ACTIVITY ▸
Give the data below again exactly as it stands. Omit the pictures.

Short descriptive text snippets
_ _ _ _

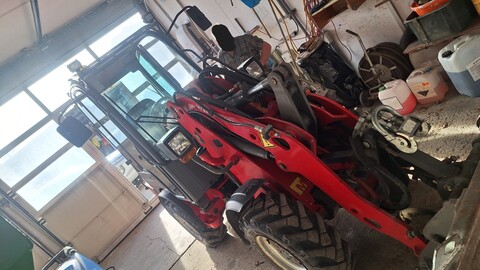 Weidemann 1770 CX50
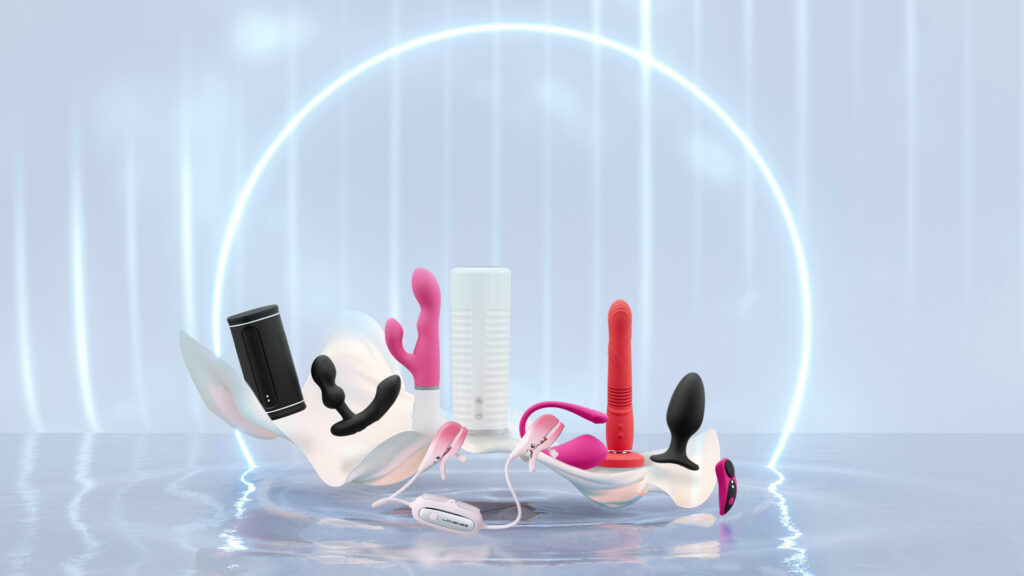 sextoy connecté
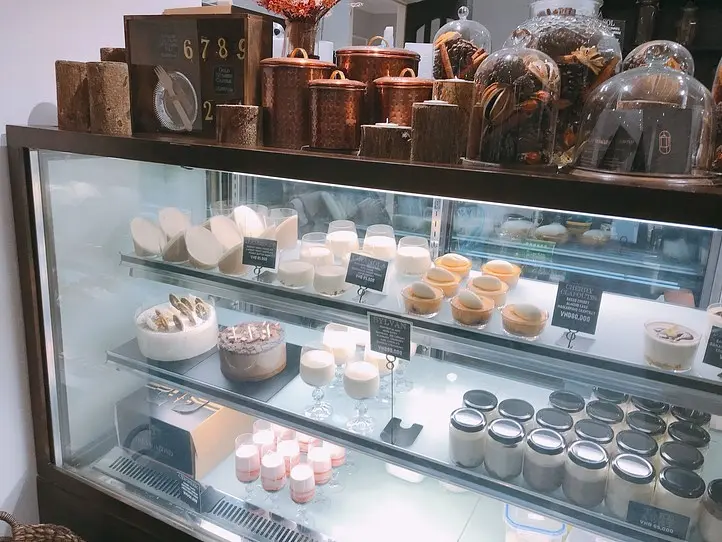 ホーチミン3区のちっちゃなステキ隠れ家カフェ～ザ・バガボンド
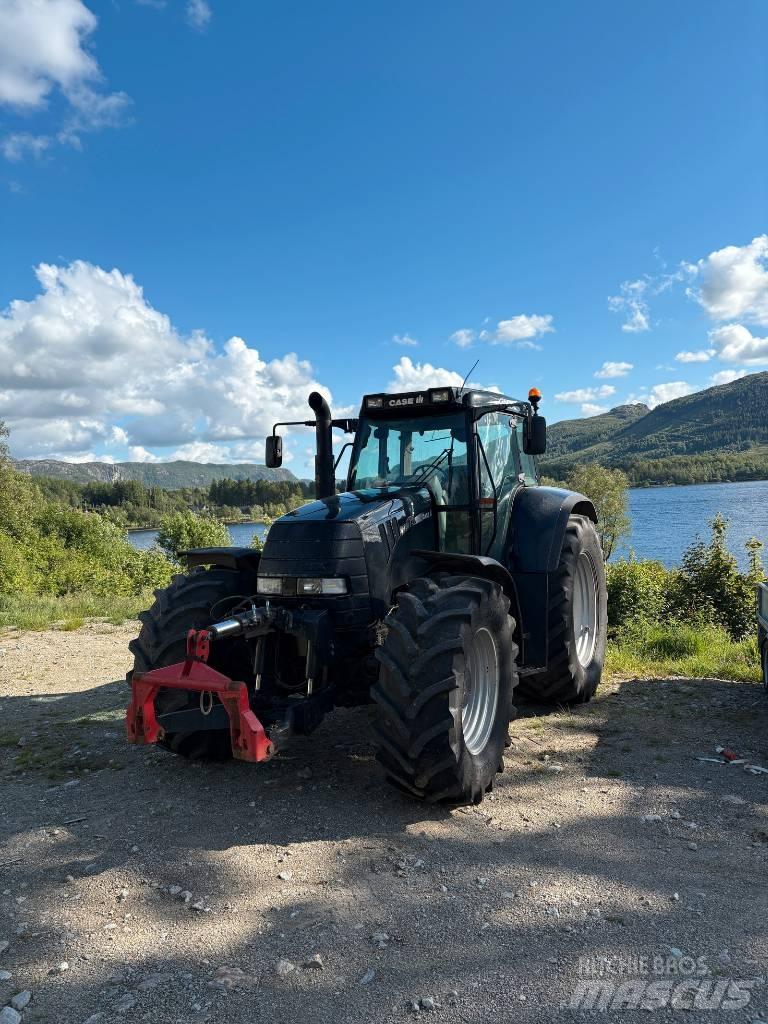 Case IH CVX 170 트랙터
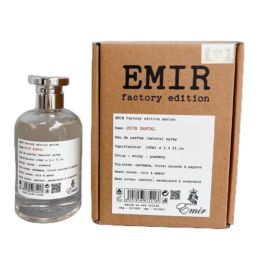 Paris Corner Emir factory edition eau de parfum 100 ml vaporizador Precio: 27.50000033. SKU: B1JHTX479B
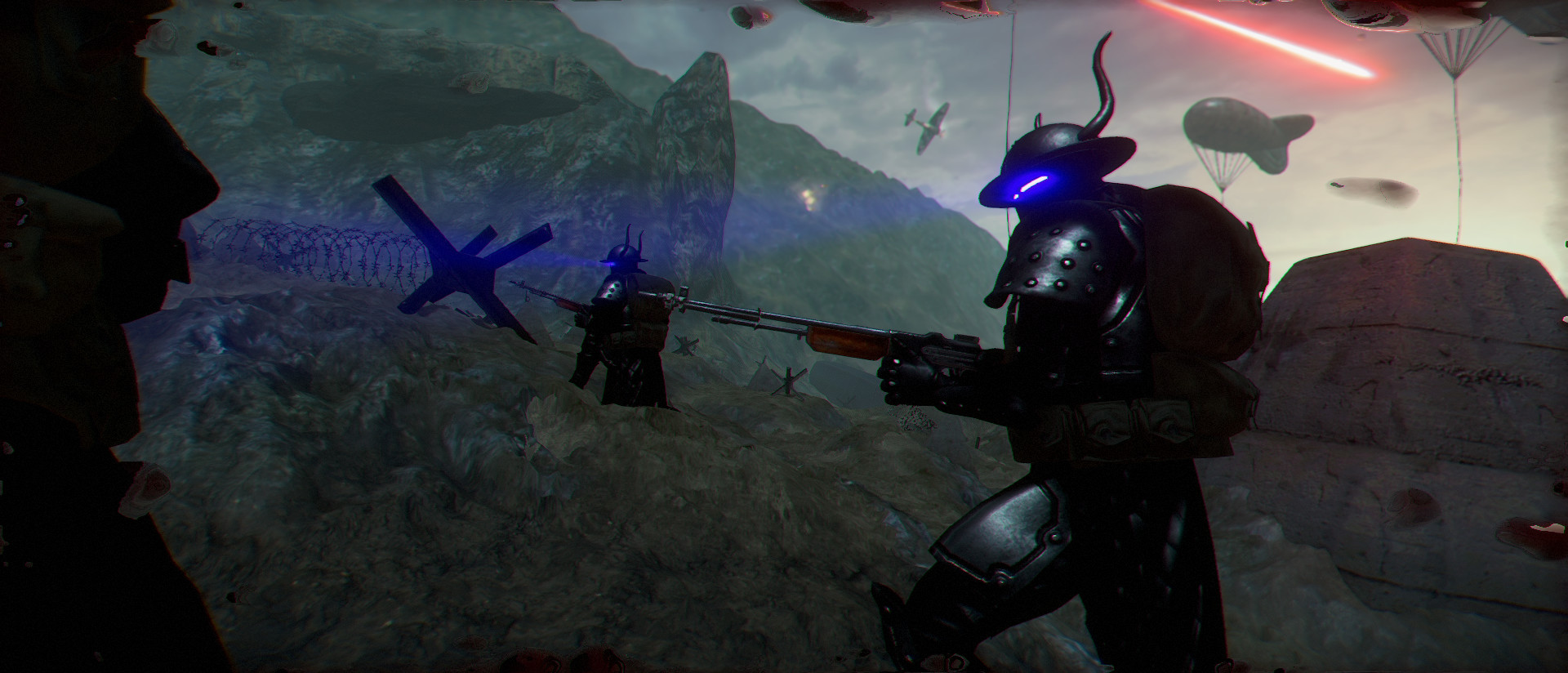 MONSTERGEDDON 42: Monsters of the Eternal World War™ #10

_ _ _ _

EXERCISE RESULT ▸
 Weidemann 1770 CX50
 sextoy connecté
 ホーチミン3区のちっちゃなステキ隠れ家カフェ～ザ・バガボンド
 Case IH CVX 170 트랙터
 Paris Corner Emir factory edition eau de parfum 100 ml vaporizador Precio: 27.50000033. SKU: B1JHTX479B
 MONSTERGEDDON 42: Monsters of the Eternal World War™ #10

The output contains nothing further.